Unlike some on Wall Street — or the regulators tasked with watching over them — Ike and Tina never saw it coming. They didn't see the debt piling up, the warning letters arriving in the mail or the bank account hemorrhaging. Maybe they felt the tension growing in the air, read the expression on their owners' faces, heard the edge in their voices. But by then it was too late.

One minute the brother-and-sister cocker spaniels were enjoying a comfortable existence in a three-bedroom, one-and-a-half-bath home, and the next they were staring out through the chain-link of their 5-by-15-foot kennel at the Carson Animal Shelter.

They are what are known as “Owner Surrenders,” animals dropped off by their masters at the shelter. Unlike some of their fellow inmates, they weren't diggers, chewers or even excessive barkers. Rather, they were innocent victims of a crime, casualties of the subprime mortgage debacle: Their owners lost their home and could no longer support them.

“About 60 percent of the owner-surrendered dogs we're getting now are due to the fact the owners have lost their homes or their jobs,” an SPCA employee says. “I don't know how many strays are dumped on the streets by their owners because they just don't have the income to support them. It's really sad.”
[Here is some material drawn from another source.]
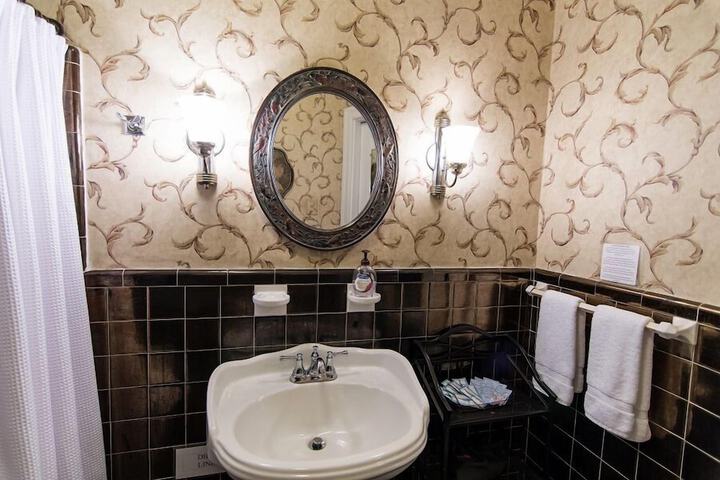 Room 14 of 72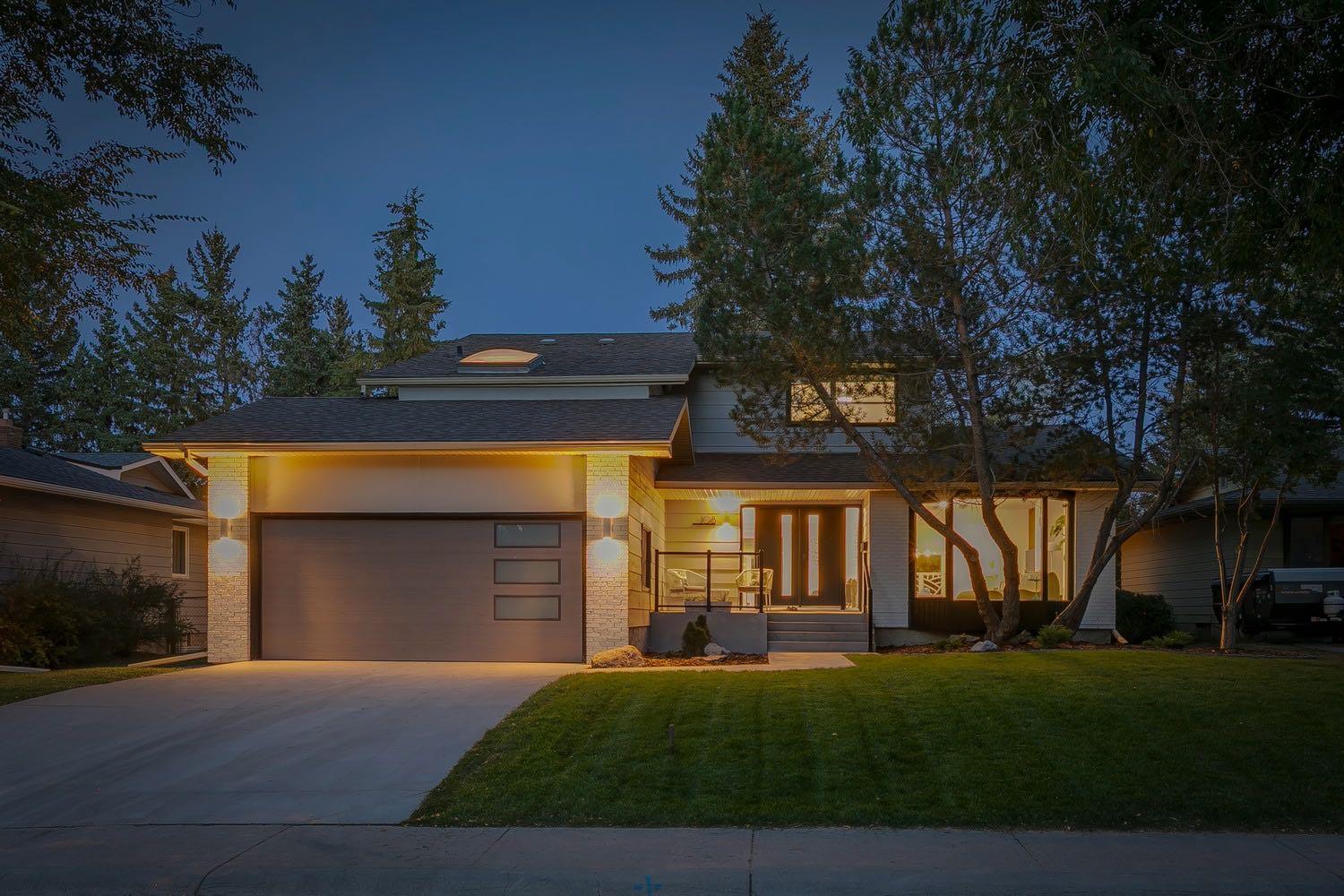 108 Canova Pl SW, Calgary, AB T2W 5M9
Such stories don't surprise Dr. Stephen Zawistowski, an animal behaviorist who studies pet population trends for the ASPCA. An earlier study that appeared in the Journal of Applied Animal Welfare Science showed that pet relinquishments for housing issues, which usually average about 30 percent of total pet surrenders, increase during times of economic distress.

“We had the same thing occur in the '30s during the Great Depression,” Zawistowski says. “People had to give up their pets because they couldn't afford them.”

The phenomenon is not national in nature. It's concentrated in a handful of states hit hardest by the housing-market slump: California, Nevada, Arizona, Texas and Florida. Within those states, conditions are particularly bad in certain cities — Los Angeles among them. These were the areas that saw the greatest growth in home ownership over the past several years, growth fueled by the subprime mortgage wave that washed over the country. And completing that picture of the great American dream of home ownership was a pet.

“It's kind of like that whole My Three Sons or Brady Bunch image,” Zawistowski says. “Once they get into a home, most people feel they can finally support a pet.”

But those shaky mortgages, built on fantasy and hocus-pocus just like the cheeky family comedies, eventually run their course and peter out. And family pets get caught in the collateral damage.

The Los Angeles Society for the Prevention of Cruelty to Animals saw owner surrenders for all animals and all causes increase from 15,106 in 2005 to 22, 245 in 2009. They have dipped some since but are still 26 percent higher than 2005-06 levels. To think that so many animals started chewing on the furniture would be a bit of a stretch.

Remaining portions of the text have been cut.